**EXERCISE DESCRIPTION:**
An exact copy of every record below is required, with the pictures left out.

##############################

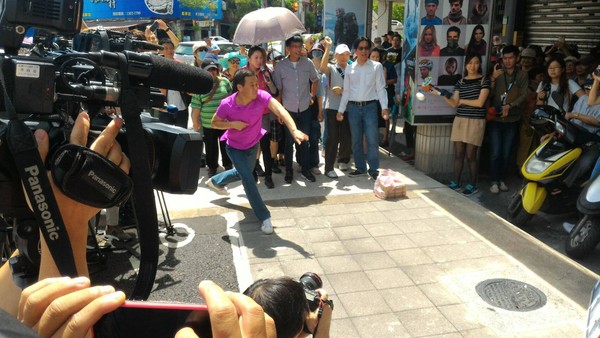 ��������(y��u)�ݏ�������P(gu��n)ɽ �_��������ԡ�׷�������˿�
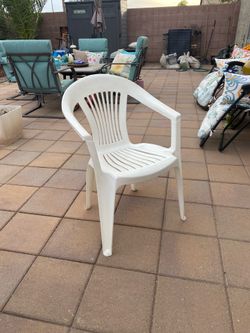 Single White Plastic Fanback Chair Armchair Outdoor Patio Lawn Furniture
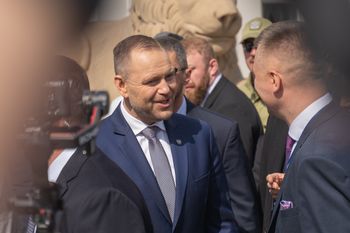 Specjalne szkolenie wojskowe. Prezydent wziął udział razem z rządem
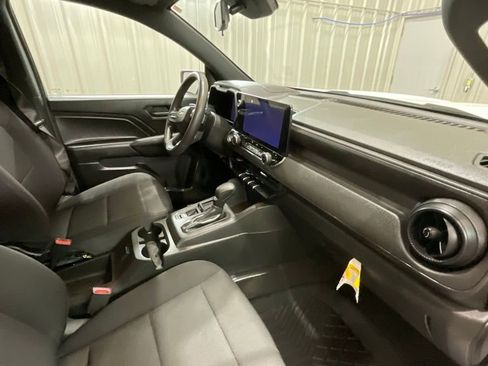 Used 2023 Chevrolet Colorado W/T image 14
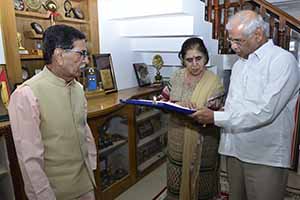 Guv Arlekar with Batras at Palampur on August 2, 2022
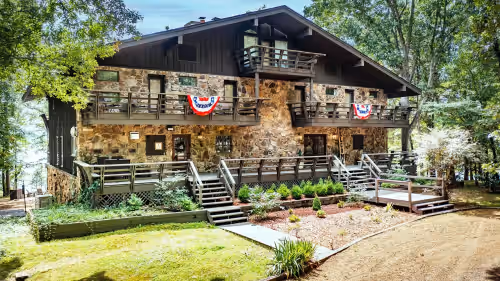 Beautiful Lakefront Lodge.  Tannenbaum Lodge - family or business destination.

##############################

**ANSWER SECTION:**
 ��������(y��u)�ݏ�������P(gu��n)ɽ �_��������ԡ�׷�������˿�
 Single White Plastic Fanback Chair Armchair Outdoor Patio Lawn Furniture
 Specjalne szkolenie wojskowe. Prezydent wziął udział razem z rządem
 Used 2023 Chevrolet Colorado W/T image 14
 Guv Arlekar with Batras at Palampur on August 2, 2022
 Beautiful Lakefront Lodge.  Tannenbaum Lodge - family or business destination.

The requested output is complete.